[Extracted data]
• • • • • • •

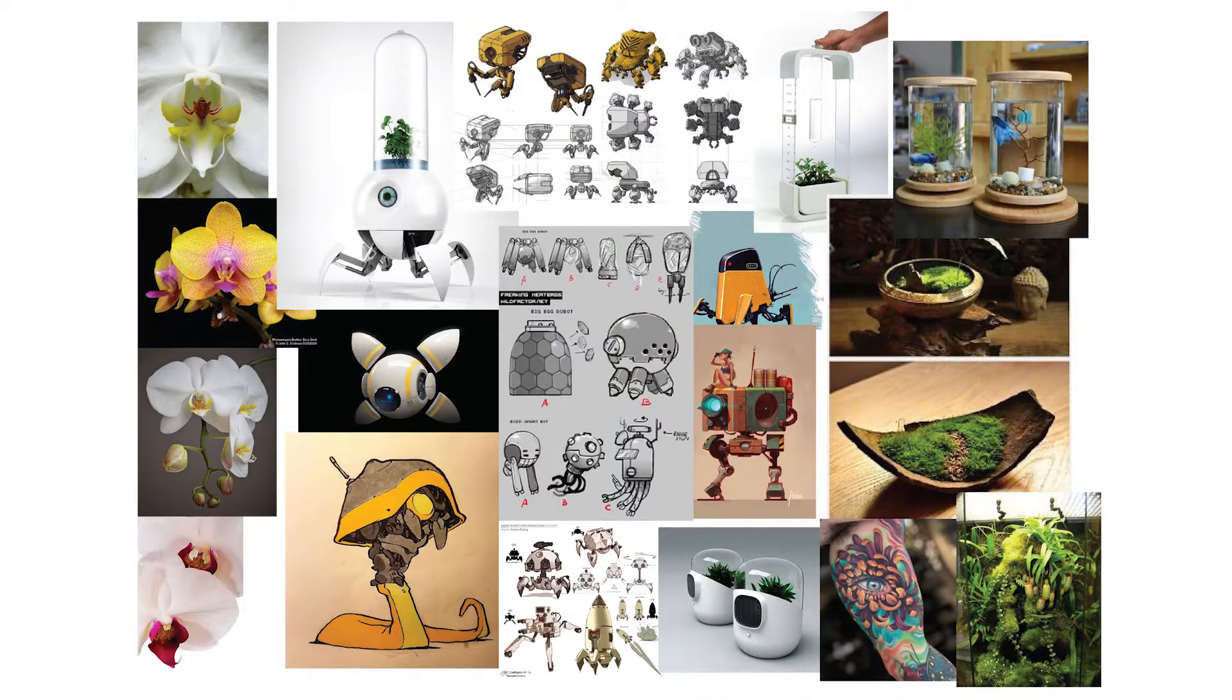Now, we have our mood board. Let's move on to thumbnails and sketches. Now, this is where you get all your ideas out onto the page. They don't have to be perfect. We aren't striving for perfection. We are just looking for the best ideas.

• • • • • • •

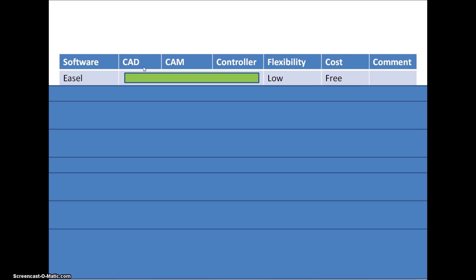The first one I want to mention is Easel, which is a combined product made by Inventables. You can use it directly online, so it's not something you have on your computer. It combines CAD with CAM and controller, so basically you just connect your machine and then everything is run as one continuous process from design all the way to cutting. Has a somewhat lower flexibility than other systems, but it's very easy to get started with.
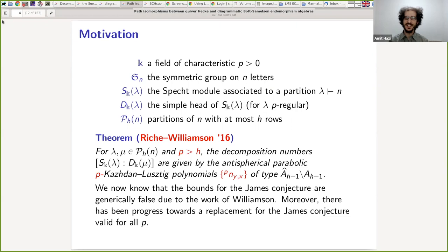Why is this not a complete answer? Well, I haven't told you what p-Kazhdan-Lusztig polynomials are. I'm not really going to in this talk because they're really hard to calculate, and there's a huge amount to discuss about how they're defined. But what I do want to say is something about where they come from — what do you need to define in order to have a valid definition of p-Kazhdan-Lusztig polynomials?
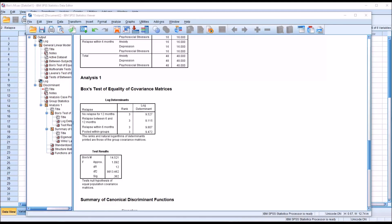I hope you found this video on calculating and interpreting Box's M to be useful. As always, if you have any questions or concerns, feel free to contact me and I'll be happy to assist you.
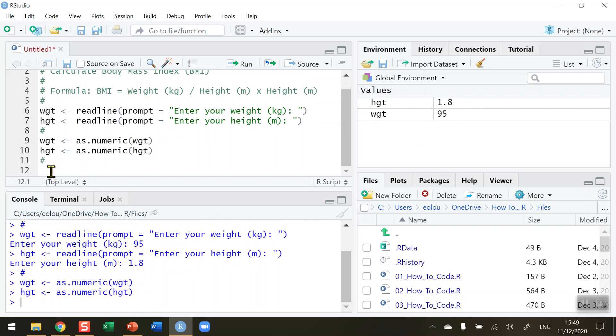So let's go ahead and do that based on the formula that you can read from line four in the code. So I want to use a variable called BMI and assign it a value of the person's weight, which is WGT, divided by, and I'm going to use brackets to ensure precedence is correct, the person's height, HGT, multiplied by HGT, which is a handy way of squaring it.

• • • • • • •

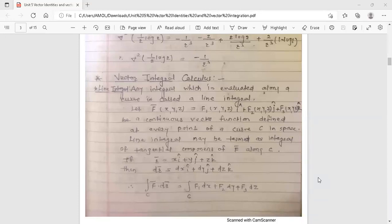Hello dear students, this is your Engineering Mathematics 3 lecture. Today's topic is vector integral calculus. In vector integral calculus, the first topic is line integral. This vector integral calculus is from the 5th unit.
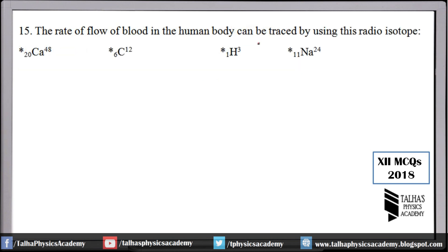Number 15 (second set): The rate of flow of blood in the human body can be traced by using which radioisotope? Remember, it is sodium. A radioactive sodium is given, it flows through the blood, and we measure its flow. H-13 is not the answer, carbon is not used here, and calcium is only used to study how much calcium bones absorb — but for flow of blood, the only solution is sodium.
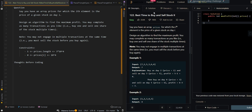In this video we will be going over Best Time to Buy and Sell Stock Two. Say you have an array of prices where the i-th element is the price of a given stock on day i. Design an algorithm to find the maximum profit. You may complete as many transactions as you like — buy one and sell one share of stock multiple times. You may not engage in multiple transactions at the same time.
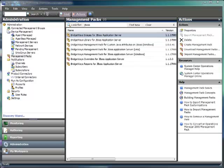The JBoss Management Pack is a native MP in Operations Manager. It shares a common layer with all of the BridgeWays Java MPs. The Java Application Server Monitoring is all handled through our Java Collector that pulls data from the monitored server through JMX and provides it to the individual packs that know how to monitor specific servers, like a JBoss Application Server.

• • • • • • •

[Description of the task] Output exactly the stretch of the listing that begins at the line containing "Why is this" and ends at the line containing "I hope you found", both kept. Omit pictures and everything else.

[Answer box]
Why is this not a complete answer? Well, I haven't told you what p-Kazhdan-Lusztig polynomials are. I'm not really going to in this talk because they're really hard to calculate, and there's a huge amount to discuss about how they're defined. But what I do want to say is something about where they come from — what do you need to define in order to have a valid definition of p-Kazhdan-Lusztig polynomials?
I hope you found this video on calculating and interpreting Box's M to be useful. As always, if you have any questions or concerns, feel free to contact me and I'll be happy to assist you.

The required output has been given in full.